I include some county information with my UK postcode download data, but I get quite a few questions regarding it. The most common question is why don’t all the postcodes have an associated county. The answer is that county information is only shown for postcodes that are located in an administrative county council. So LA1 postcodes are listed as part of Lancashire but BB1 postcodes aren’t, even though most people would consider Blackburn to be in Lancashire. This page gives you an idea of how this works. Select ‘Counties’ in the dropdown and see all the gaps.

The second question that generally follows is whether I could include county information for each postcode. This is where things get tricky. Have a read of this Wikipedia page on the subject of counties. In short, there are the administrative county councils in use today, there are historical counties whose boundaries have changed many times and there are postal counties that used to be supplied by the Royal Mail.

So if I wanted to add county information for every postcode, my first decision would be which of these to use. The Royal Mail seem pretty keen to get rid of postal counties and the information is not provided with the freely available postcode data, so that’s not an option.

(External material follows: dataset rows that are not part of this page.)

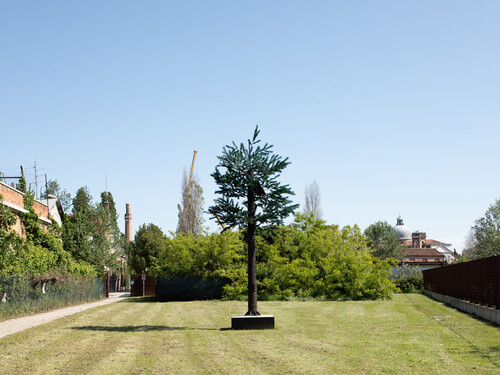 Dane Mitchell Post Hoc (installation view) 2019. Installation. New Zealand Pavilion, 58th International Art Exhibition – La Biennale di Venezia. Courtesy the artist and Mossman Gallery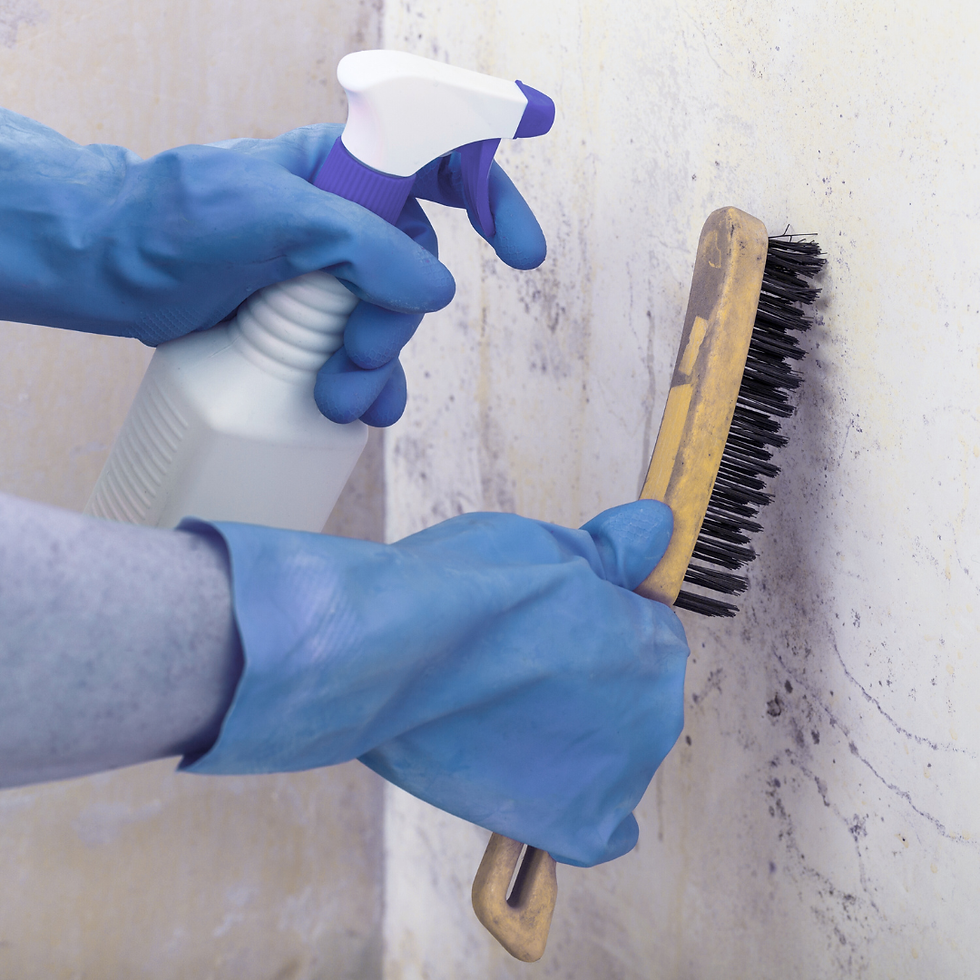 Mould Removal.png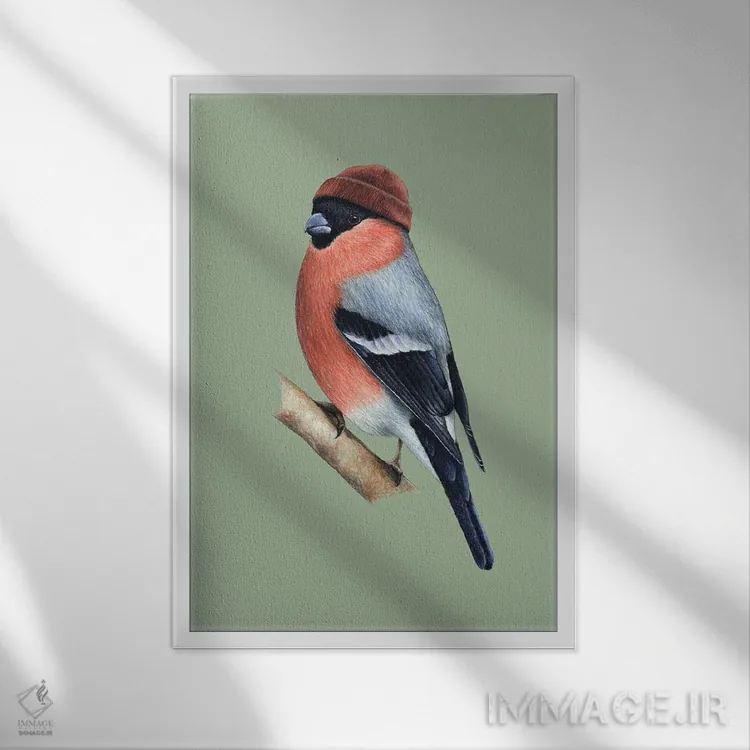 تابلو دکوراتیو کبودعقابی اوراسیایی ۲ اثر میخائیل ودرنیکوف - نمای قابدار سفید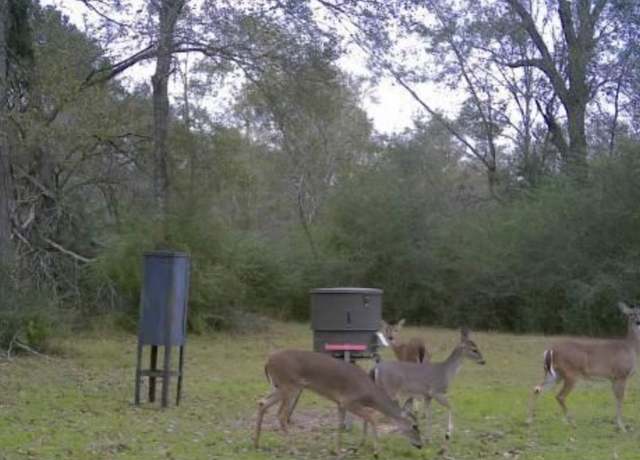 Property at 24030 Hegar Rd, Hockley, TX 77447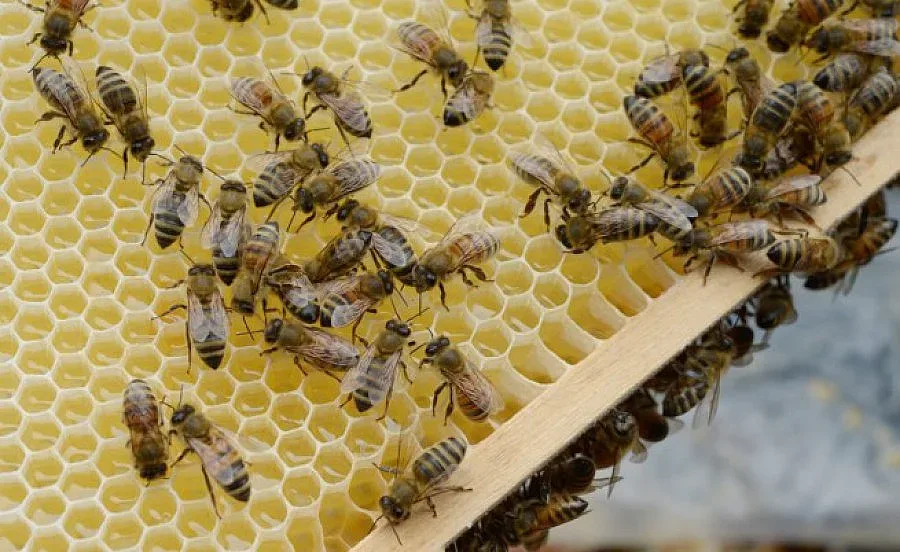 Лошото време обрече на глад пчелите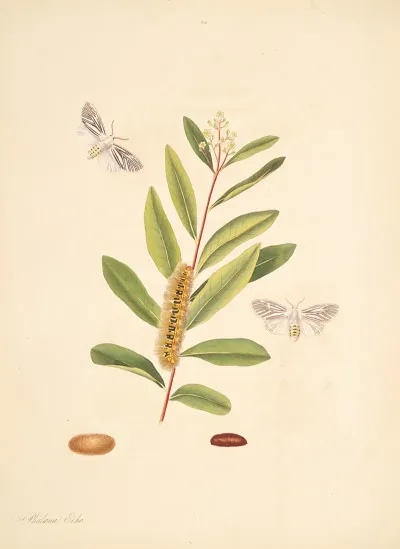 The Natural History Of The Rarer Lepidopterous Insects Of Georgia Pl 068
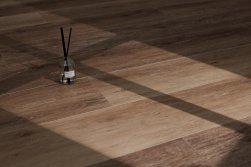 STEINHOLZ � �������� SPC �������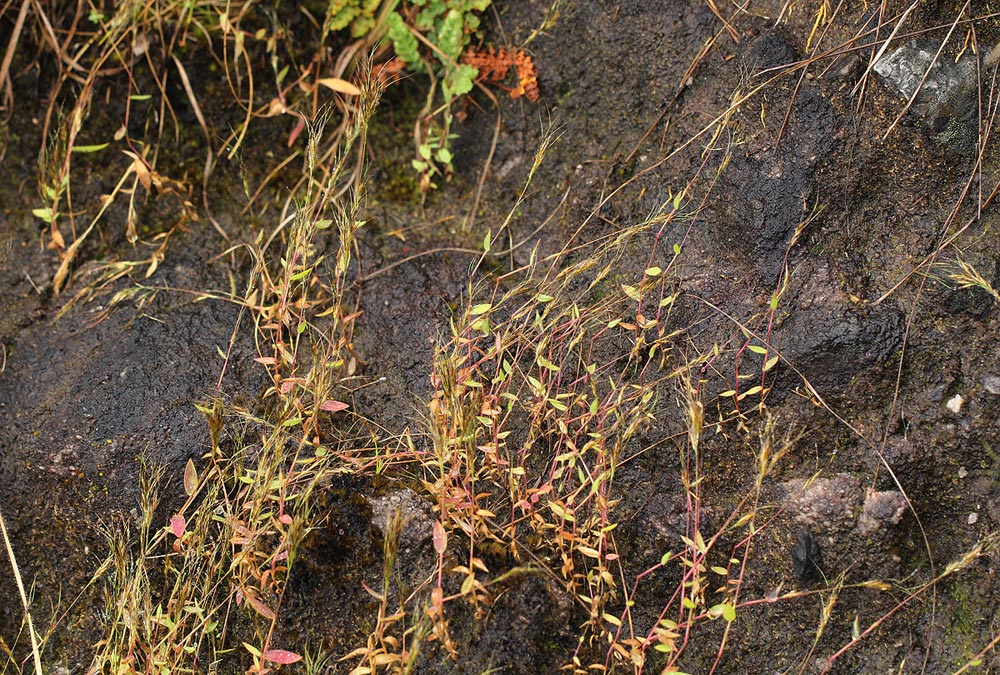 Trichopteryx stolziana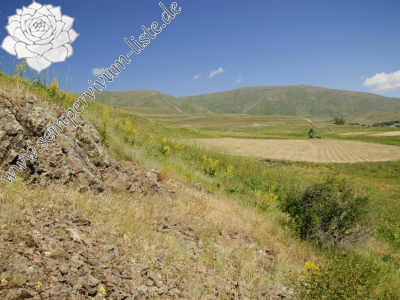 Reisebericht: Karagöbek, S 2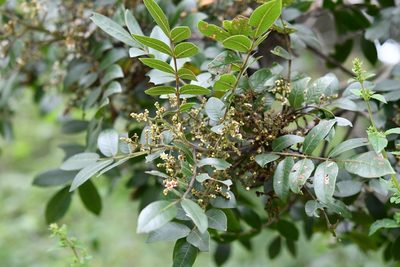 Rhus schiedeana, photographed by Neptalí Ramírez Marcial
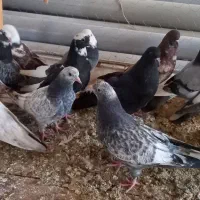 جوجه پرشی کاشان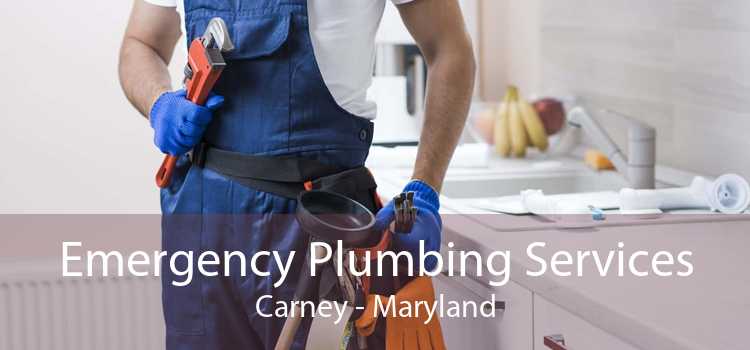Emergency Plumbing Services Carney - Maryland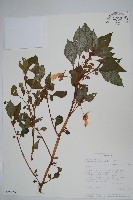 登錄號:S094057藏品圖，第1張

So another option would be to use historical counties. Leaving aside the fact these boundaries changed many times, I’m not sure using them would satisfy most users of my download data anyway. Taking an example from the referenced Wikipedia page, how many people would consider Brixton to be in Surrey?

And the final option would be to fill the county data from the local authority. So Brixton would now be in London, but BB1 would now be in ‘Blackburn with Darwen’. Now in this case it’s obvious that any postcodes in the ‘Blackburn with Darwen’ area should show Lancashire as the county so I could possibly map all these authorities to sensible counties, with some work. But even then, would this provide people with what they want? Kingston would be in London, although some people would expect it to be in Surrey, since Surrey county council is based there (and use Surrey in their address).

So in conclusion, counties are blooming tricky and I suspect no one size would fit all, hence the incomplete set of data on my site. If anyone has an opinion on whether there is a good approach to this, let me know.

4 comments:

Anonymous said...

Hi Chris
Just stumbled across your site and have to say that I think it's fantastic what you've been doing - saved me a lot of headaches earlier today trying to work out eastings, northings etc.....

The Authority/Council thing been bothering me for a while and although I'm not great with this GIS/GeoCoding stuff and using maps more to represent data. Because of that I opted to use the NUTS/LAU areas, partly because I thought could probably get some useful comparison datasets if I went down that route.

Any thoughts on that as an approach and whether it gets around the counties issue??

http://en.wikipedia.org/wiki/Local_administrative_unit

Doogal said...

I think the NUTS/LAU approach is a very sensible approach to chopping up geographical data. It's well defined and it's easy to get hold of the boundary data.

I guess my problem is that users of my site are interested in chopping up postcode data by county, because there's a historical attachment to them. I'm the same, I'm from Lancashire, not Hyndburn...

Anonymous said...

Haven't looked at this properly but do all the individual LAU/NUTS1 districts map on to ceremonial counties? e.g. Hyndburn, Chorley, Blacknurn etc all Lancashire?

Doogal said...

I think you might be onto something there! I'd always assumed ceremonial counties were just a different name for traditional counties but it looks like it should be possible to map the districts onto the ceremonial counties. It probably won't satisfy everyone but I think it's a pretty decent compromise. Cheers!